** Opening Study material block **
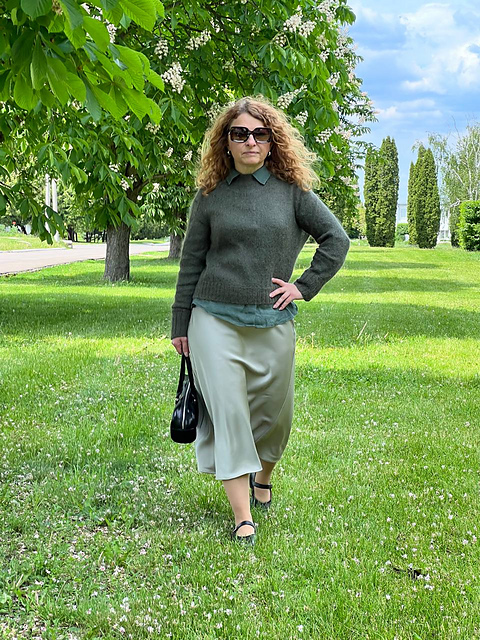 Изображение без подписи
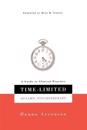 Time-limited Dynamic Psychotherapy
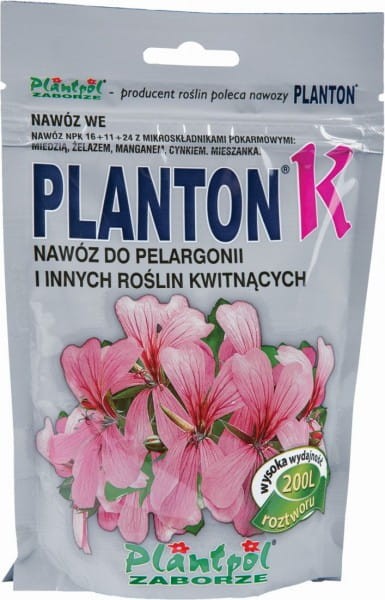 Planton K do pelargonii i roślin kwitnących 200g.jpg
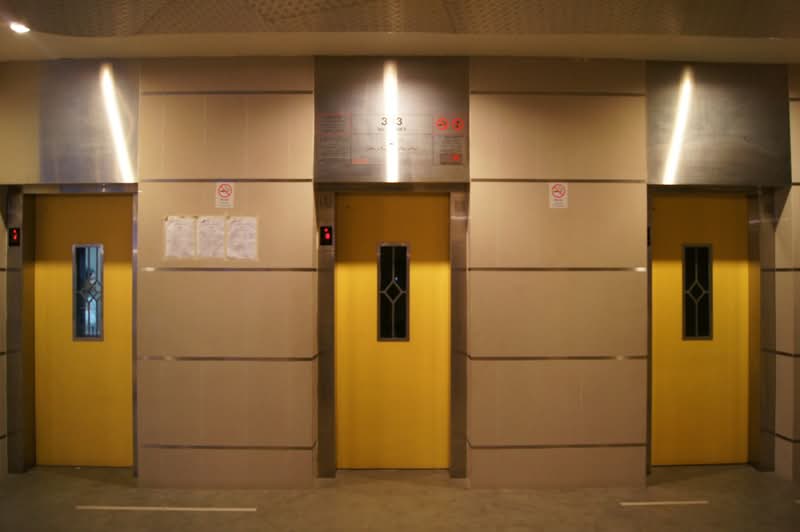 Additional image 13 of 333 Clementi Avenue 2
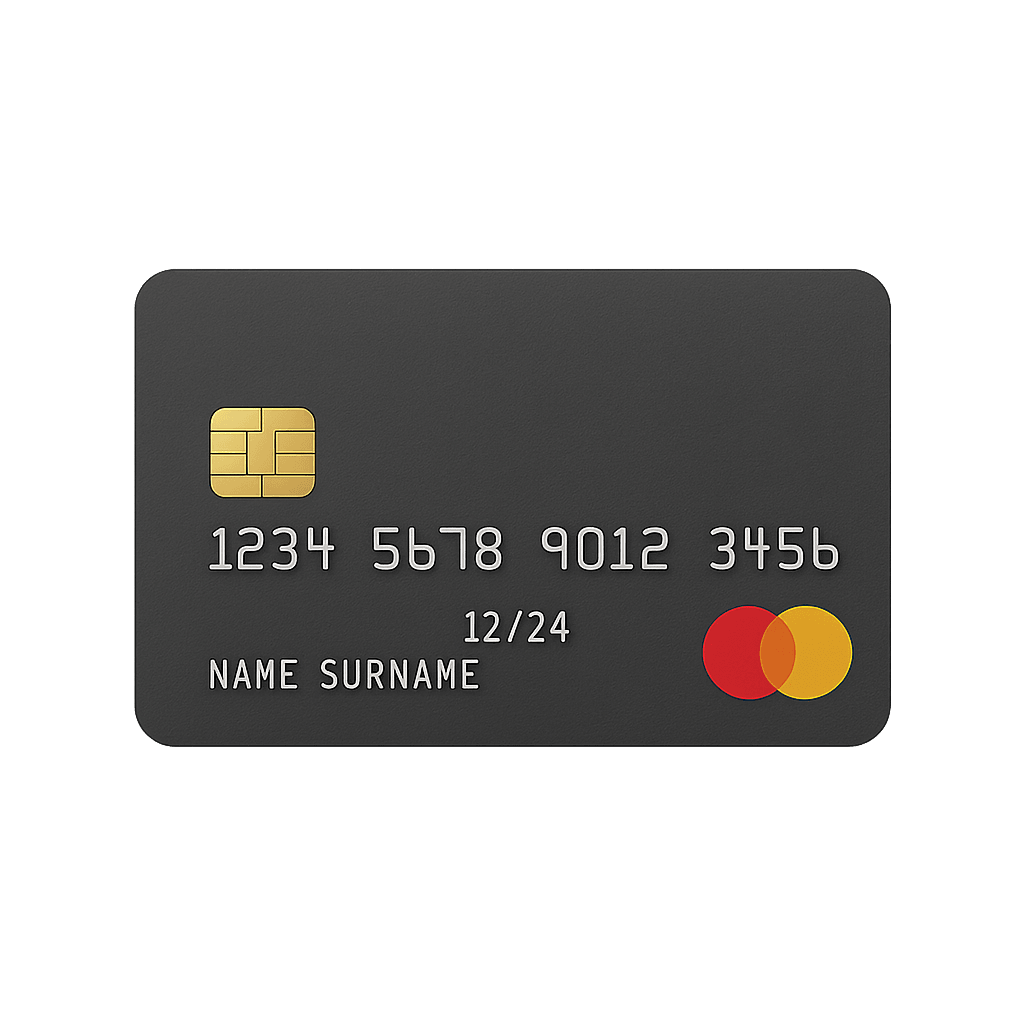 Fixed Price Guarantee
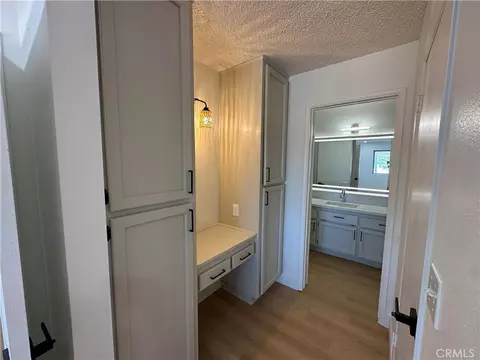 Other - 11861 10th, Hesperia, CA 92345 photo 1 of 4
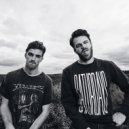 The Chainsmokers - You Owe Me (SpazeeBoone edit)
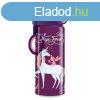 Kulacs 475 ml Ars Una Magic Forest unikornis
** Closing Study material block **
> _Assigned task_
Return every line above word for word, minus images.

> _Answer space_
 Изображение без подписи
 Time-limited Dynamic Psychotherapy
 Planton K do pelargonii i roślin kwitnących 200g.jpg
 Additional image 13 of 333 Clementi Avenue 2
 Fixed Price Guarantee
 Other - 11861 10th, Hesperia, CA 92345 photo 1 of 4
 The Chainsmokers - You Owe Me (SpazeeBoone edit)
 Kulacs 475 ml Ars Una Magic Forest unikornis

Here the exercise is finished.